TASK DESCRIPTION: These records are to be written out exactly as they read, minus the pictures.

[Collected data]
***

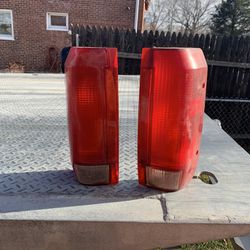 92-96 Ford F150/ Bronco tail lights
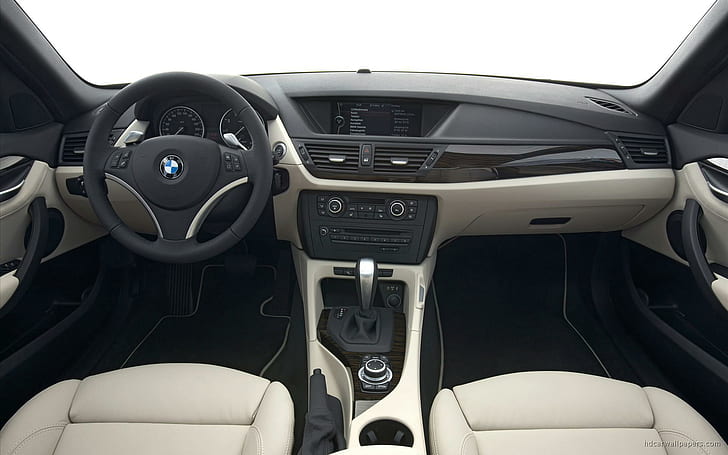2010 BMW X1 İç mekan, siyah bmw çok fonksiyonlu direksiyon simidi ve gösterge tablosu, iç mekan, 2010, araba, HD masaüstü duvar kağıdı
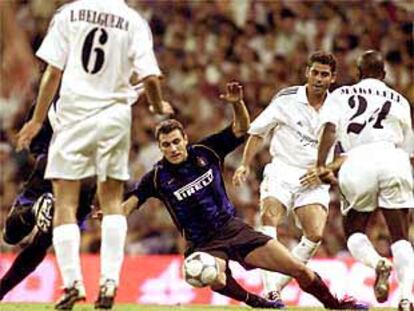 Vieri cae al suelo en presencia de Hierro, Makelele y Helguera.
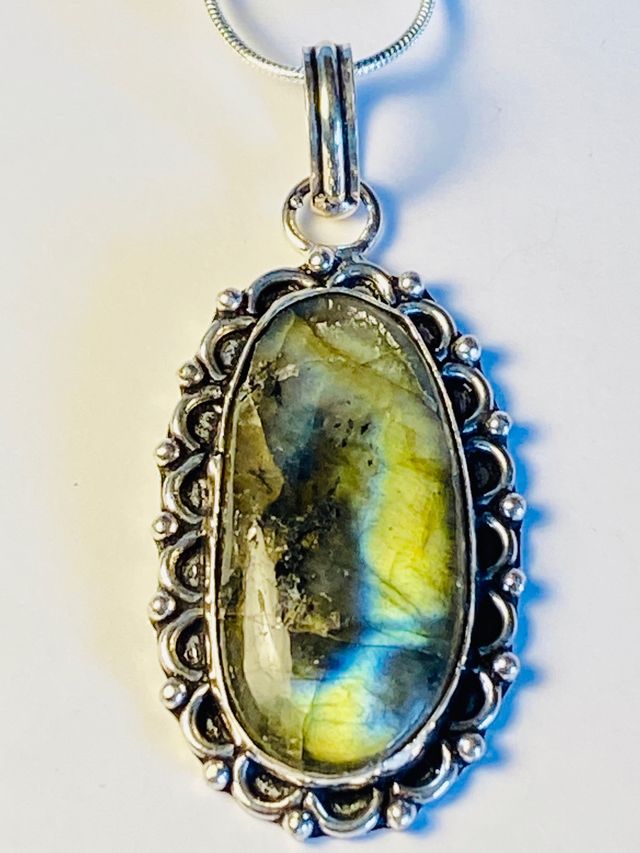 Colgante de Labradorita de India  cadena plata ley
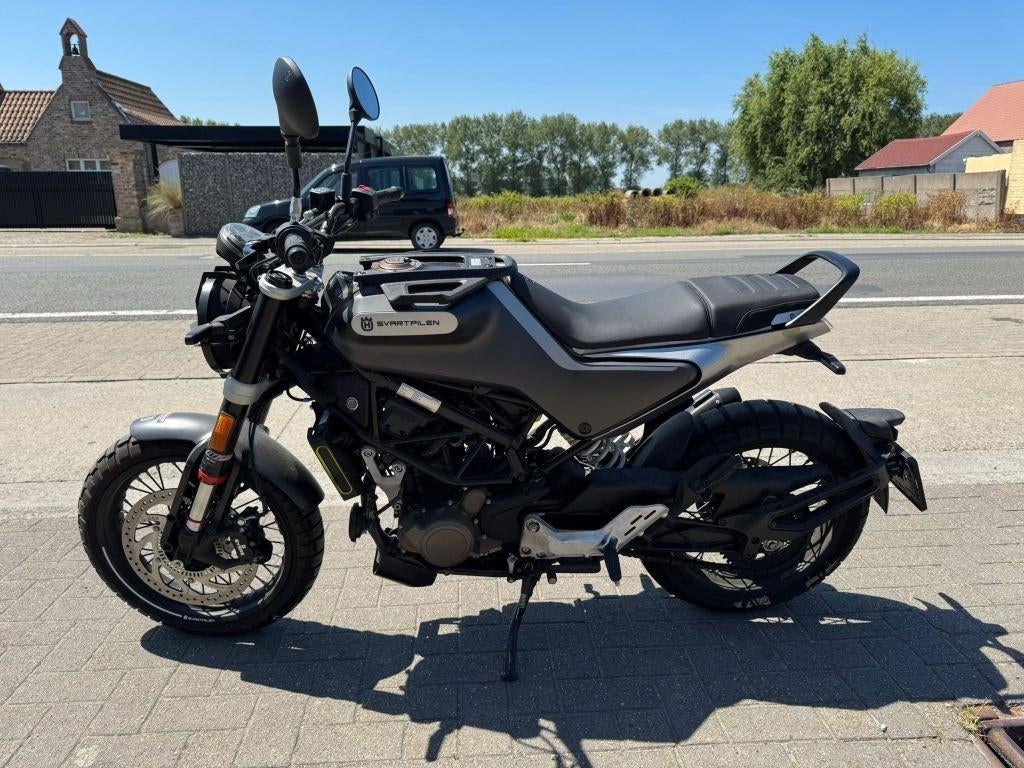 Husqvarna 	Svartpilen 125, Motos, Motos | Husqvarna, Entreprise, 125 cm³, Jusqu'à 11 kW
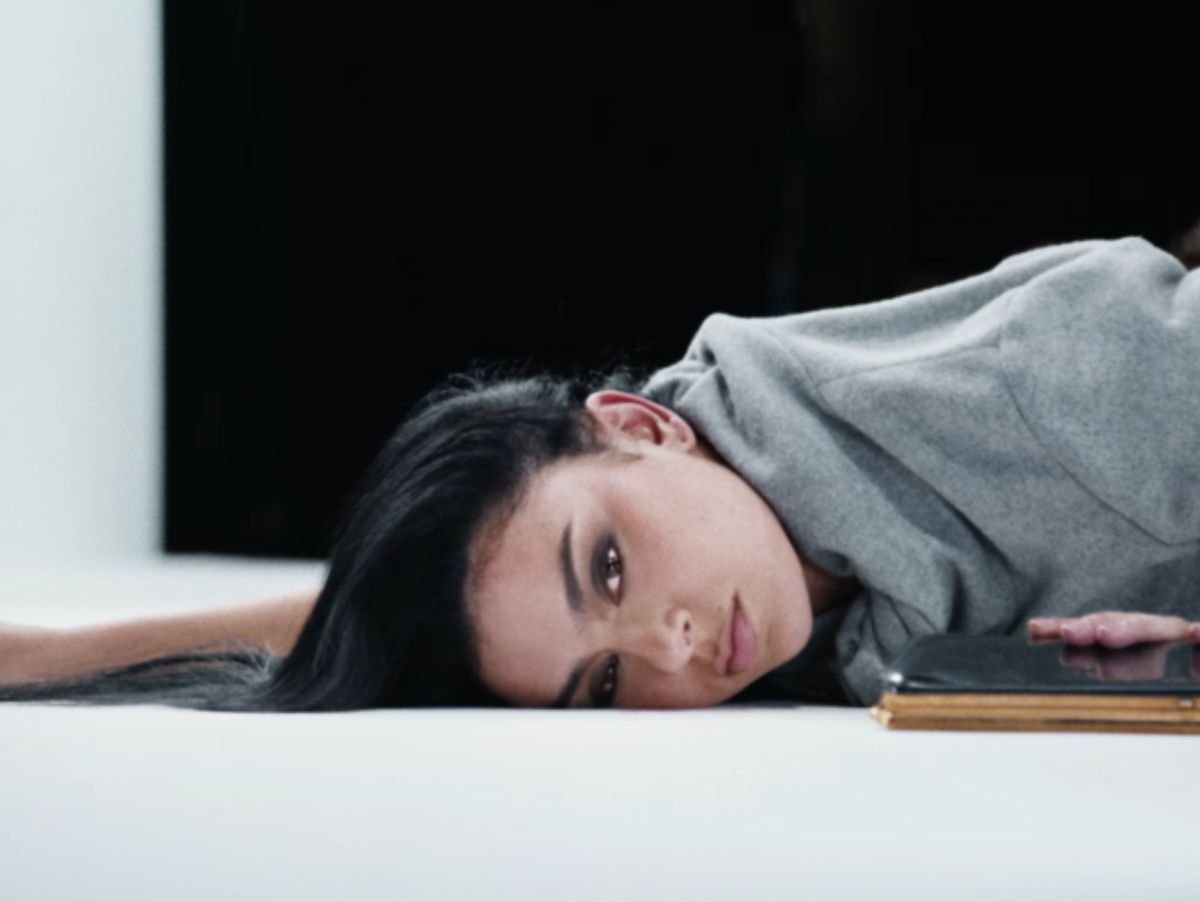Análise da Música ‘SS26’ de Charli XCX: Letra e Tradução Análise da Música ‘SS26’ de Charli XCX: Letra e Tradução
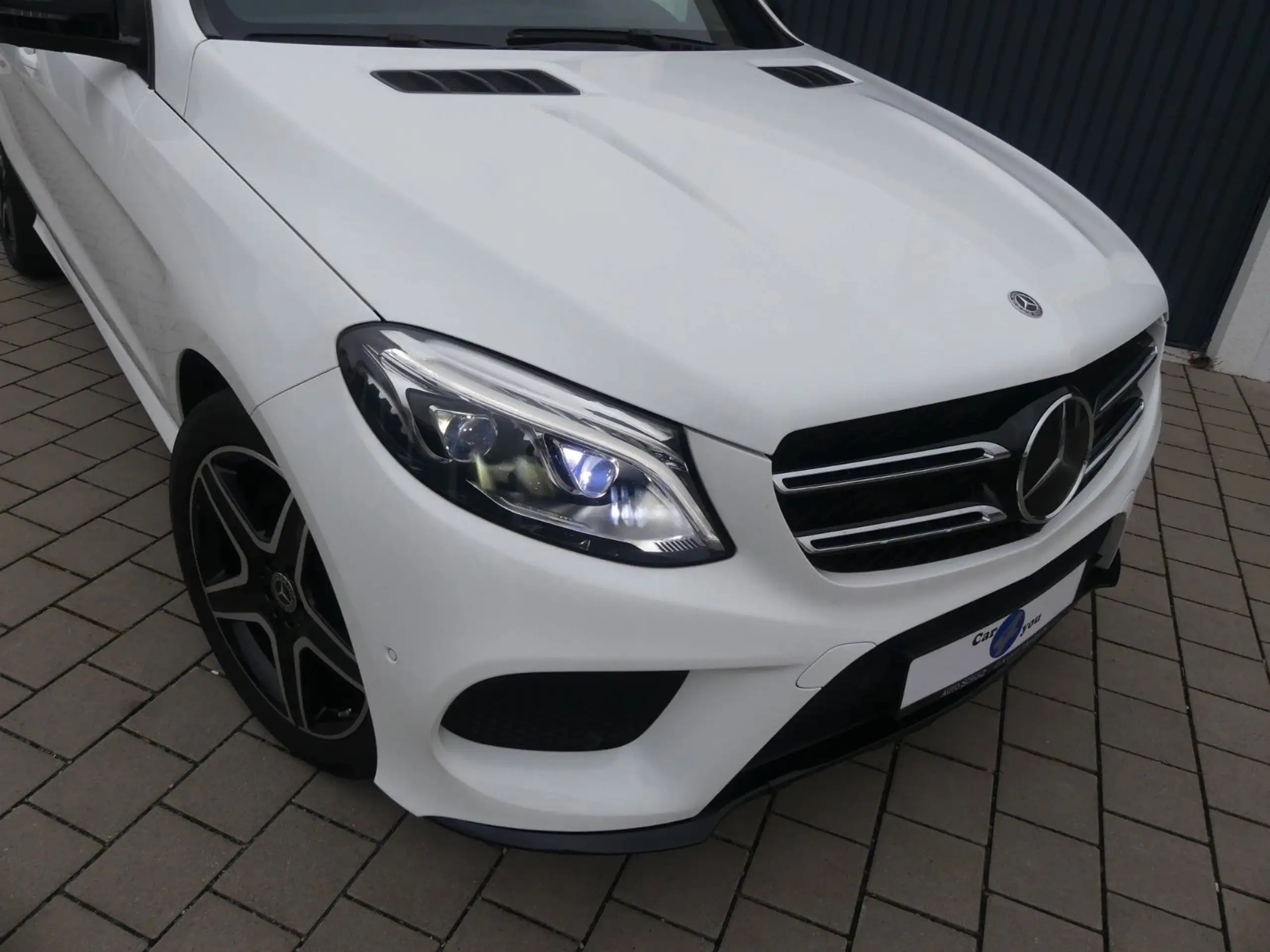 Mercedes-Benz - GLE 350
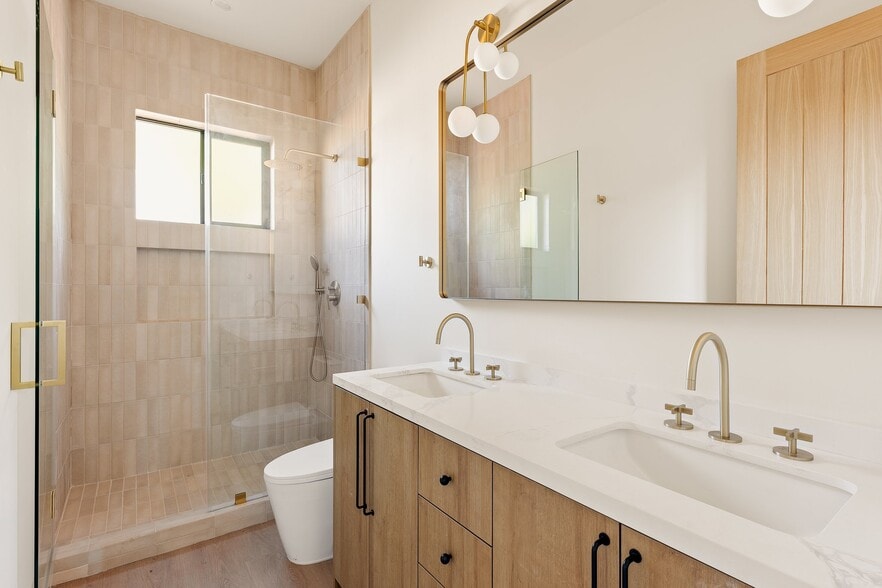 Building Photo - 17850 Saticoy St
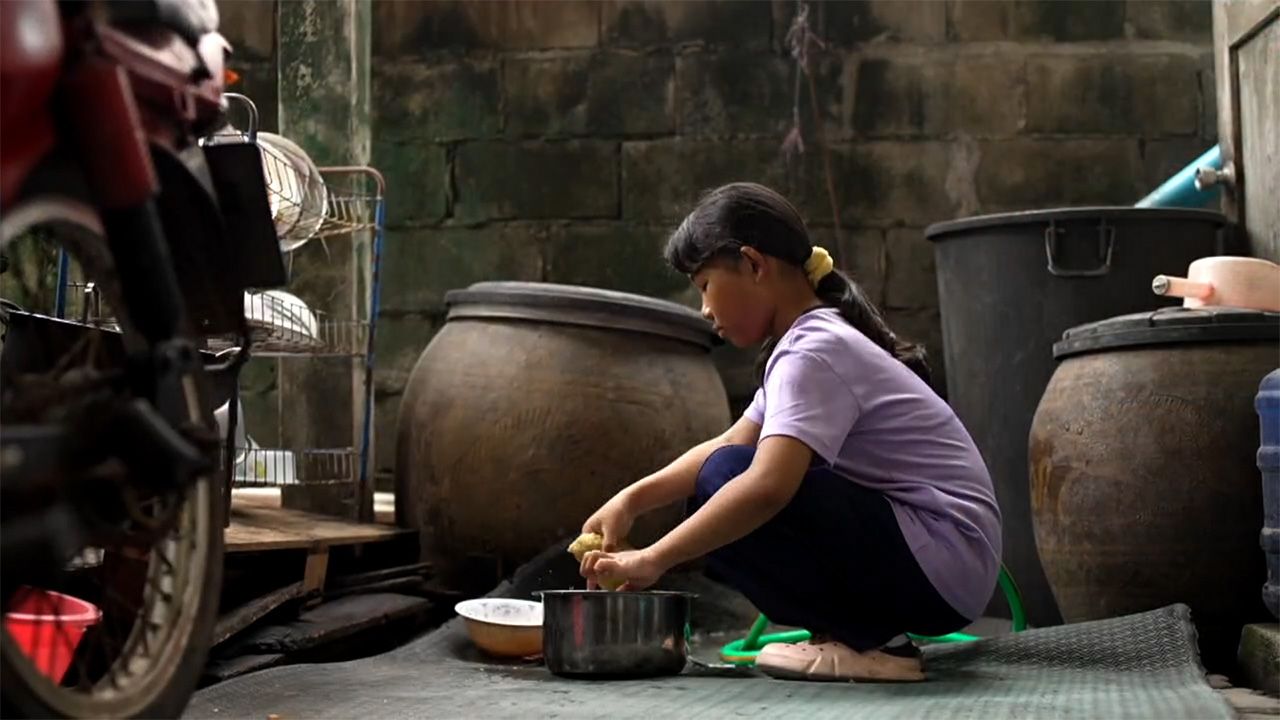 “小穆娜” 母女俩与生命中的粥店:奋斗抗击癌症,只愿彼此久伴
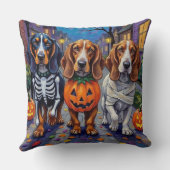 ハロウィーンでバセット犬のトリックまたは治療 クッション (裏面)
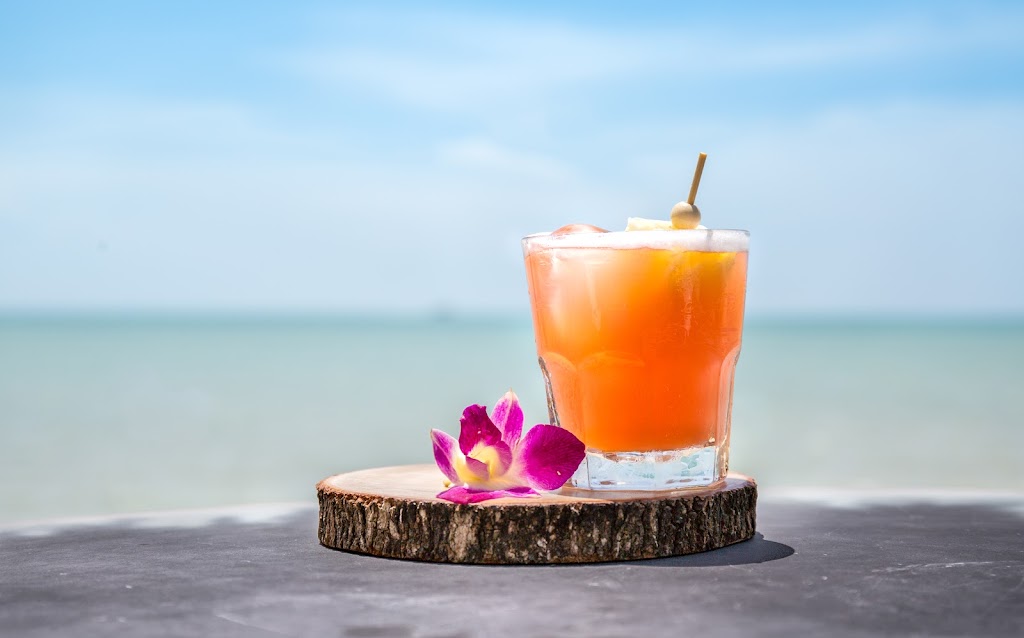 44 Beach Club — Comida y bebida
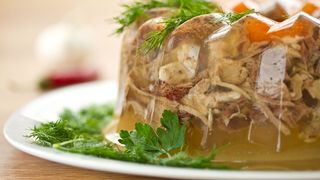 Așa faci cea mai bună piftie de porc: Rețeta tradițională românească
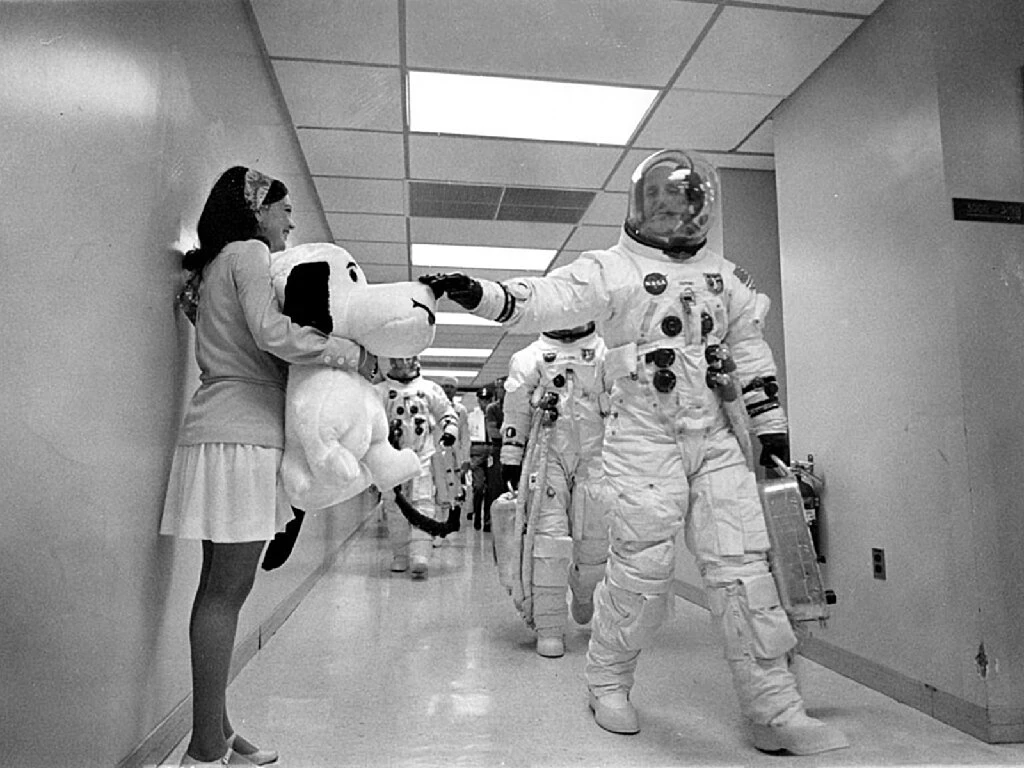 Nasa almost broke apart during a trip to the Moon 55 years ago, shocking reason - Photo 5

***

PROBLEM SOLUTION:
 92-96 Ford F150/ Bronco tail lights
2010 BMW X1 İç mekan, siyah bmw çok fonksiyonlu direksiyon simidi ve gösterge tablosu, iç mekan, 2010, araba, HD masaüstü duvar kağıdı
 Vieri cae al suelo en presencia de Hierro, Makelele y Helguera.
 Colgante de Labradorita de India  cadena plata ley
 Husqvarna 	Svartpilen 125, Motos, Motos | Husqvarna, Entreprise, 125 cm³, Jusqu'à 11 kW
Análise da Música ‘SS26’ de Charli XCX: Letra e Tradução Análise da Música ‘SS26’ de Charli XCX: Letra e Tradução
 Mercedes-Benz - GLE 350
 Building Photo - 17850 Saticoy St
 “小穆娜” 母女俩与生命中的粥店:奋斗抗击癌症,只愿彼此久伴
 ハロウィーンでバセット犬のトリックまたは治療 クッション (裏面)
 44 Beach Club — Comida y bebida
 Așa faci cea mai bună piftie de porc: Rețeta tradițională românească
 Nasa almost broke apart during a trip to the Moon 55 years ago, shocking reason - Photo 5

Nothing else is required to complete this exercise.